La temporada que el pequeño Kroos debutaba con el primer equipo del Rostock, Toni había sido cedido a Leverkusen, para tener minutos, puesto que aún no encontraba su sitio en el Bayern. Con el Bayer 04 marcó Toni su primer gol en el fútbol profesional, justo en el estadio en el que su hermano había debutado tres meses antes a ese nivel. El Leverkusen perdía por 2-1 ante el Wolfsburg en la Bundesliga, en un encuentro en el que, otra vez Grafite, fue protagonista, marcando dos goles. Grafite y el Volkswagen Arena se cruzaban en la vida de ambos hermanos, con pocos meses de diferencia.

A partir de ahí, fue todo a más en la vida de Toni Kroos. Su segundo año de cesión fue el de su explosión. Solo se perdió un partido de Bundesliga en aquella temporada. Marcó nueve goles y el Bayer Leverkusen de Jupp Heynckes se clasificó para la Europa League. Su hermano, mientras tanto, no pudo superar el 15º puesto en la 2.Bundesliga con su club. A pesar de que era su hermano el que estaba empezando a triunfar, aquella discreta temporada en Rostock le valió para fichar por uno de los grandes clubes de la región, el Werder Bremen. La oportunidad del pequeño Kroos de jugar frente a su hermano estaba cada vez más cerca.

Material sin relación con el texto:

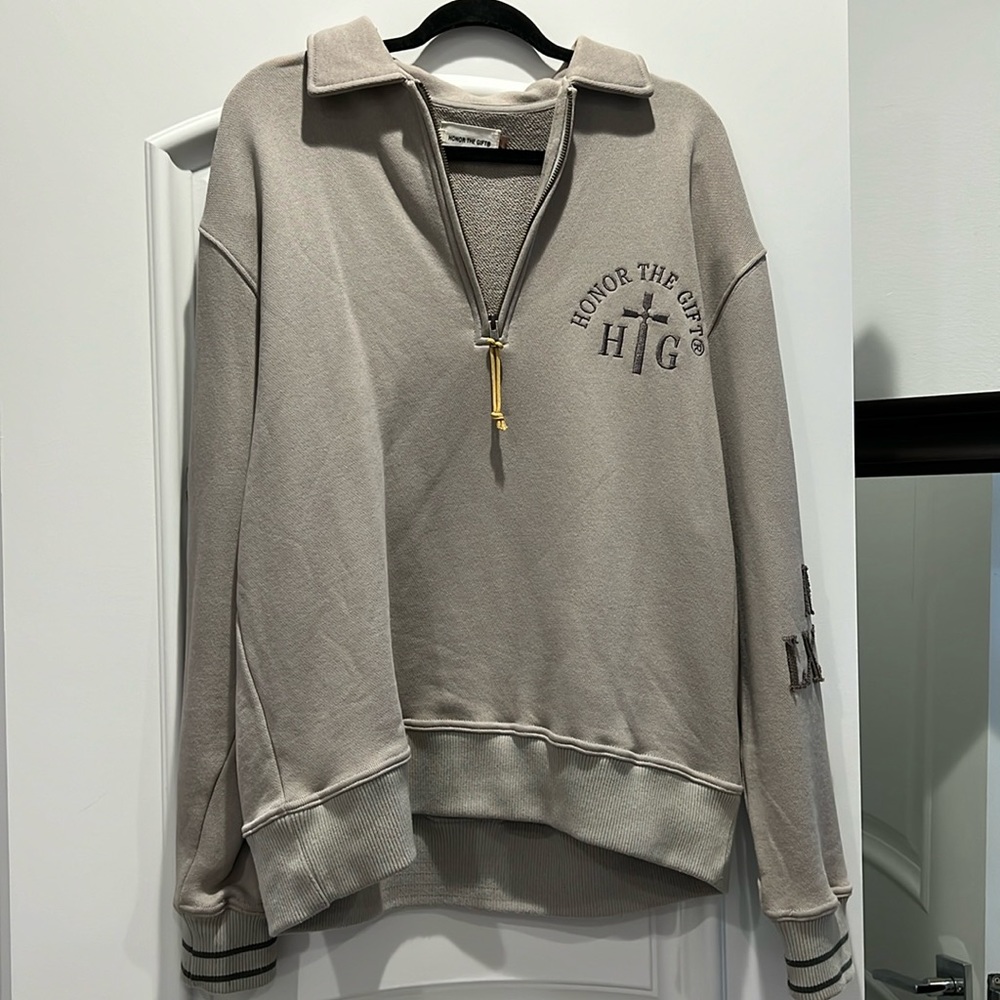 Honor The Gift pullover with collar. Grey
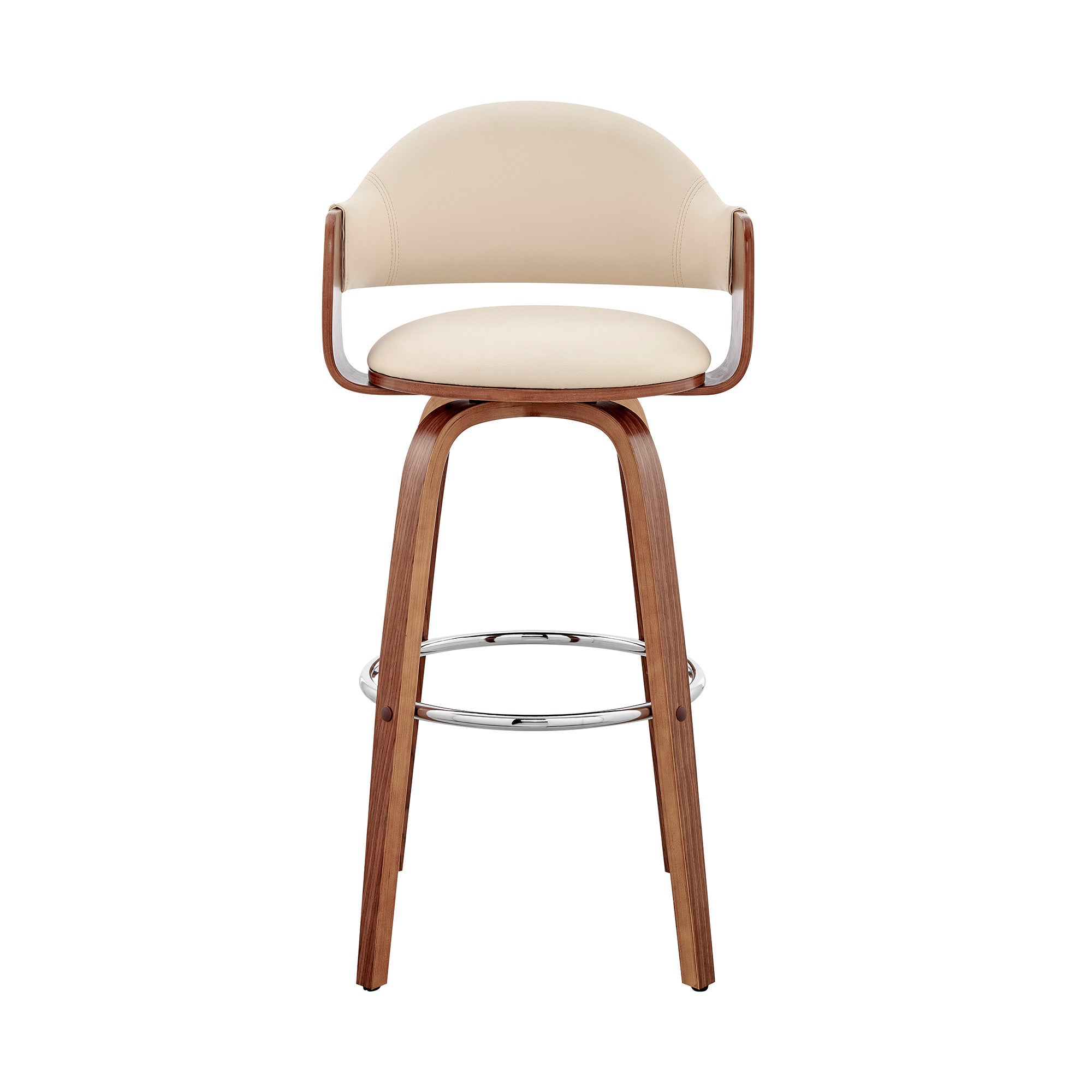 26" Cream And Brown Swivel Low Back Counter Height Bar Chair-1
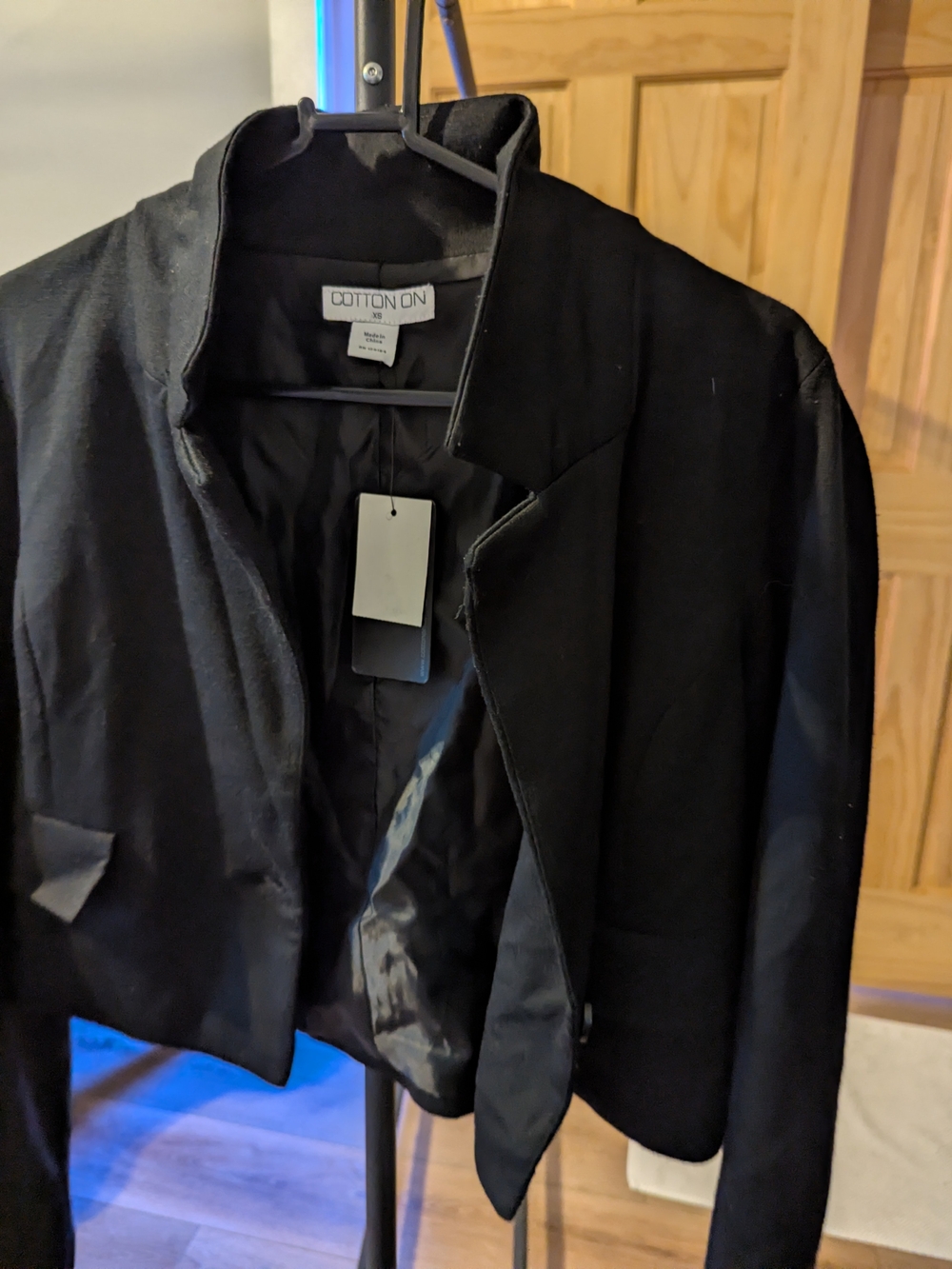 Cotton On Black Cropped Open-Front Blazer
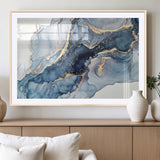 33782-MGV-CV-36X24-Abstract Marble Wall Art – Blue & Gold Fluid Painting Canvas Print, Modern Home Decor for Living Room, Bedroom or Office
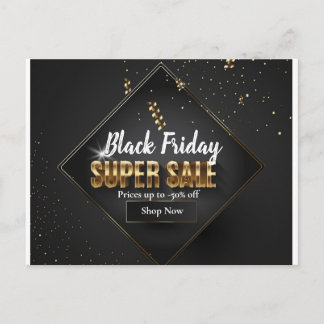 Black & Gold Confetti Black Friday Super Sale Postkarte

El día del encuentro pudo llegar en 2012. Toni era titular con Heynckes en el Bayern, en la visita al Weserstadion. Felix, sin embargo, no fue alineado por Schaaf y esperó su oportunidad en el banquillo. El del Bayern era sustituido en el minuto 58 y el del Bremen no llegó a jugar. Una pena para la familia Kroos, sus hijos no coincidirían dentro del terreno de juego. En 2015 cambió el campo, pero esta vez se quedó sin jugar el hermano mayor. Con Pep Guardiola y Robin Dutt en los banquillos, ambos hermanos comenzaron el encuentro como suplentes y Felix, saliendo al campo en el minuto 83, fue el único de los dos que jugó el partido.

El sueño de unos padres es ver a sus hijos triunfando juntos. Los Kroos han visto como Toni y Felix han llegado a lo más alto, pero queda la espina de poder verles enfrentarse o, quién sabe, jugar juntos en algún club antes de retirarse, quizás, el Hansa Rostock. Después de varios amagos de posible enfrentamiento entre ambos, otra vez el camino de los Kroos se separaba pero, en esta ocasión, con países por medio. Ya no competirían en la misma liga. Tras ganar el Mundial de Brasil, Toni Kroos firmaría por el Real Madrid, donde el palmarés del alemán ha crecido, sumando dos Copas de Europa y algún trofeo más a los que ya había ganado con el Bayern y la selección. Allí en España, Toni se ha convertido en un futbolista casi imprescindible en el club, ya que, es uno de los futbolistas que menos rota en la plantilla, siendo titular siempre que está al 100%.

Así fue como se dividió el camino de dos hermanos que empezaron juntos el camino y, a día de hoy, juegan por objetivos totalmente diferentes. Uno en lo más alto del fútbol continental y otro luchando por el reto de un ascenso. Ellos, los hermanos hanseáticos que salieron de Greifswald para hacerse un nombre en el fútbol. Deportivamente no escucharás otro nombre en esa ciudad que haga referencia al deporte. En Greifswald, hablar de deporte es hablar de fútbol y, por consecuencia, del apellido Kroos, un apellido que se debe al fútbol.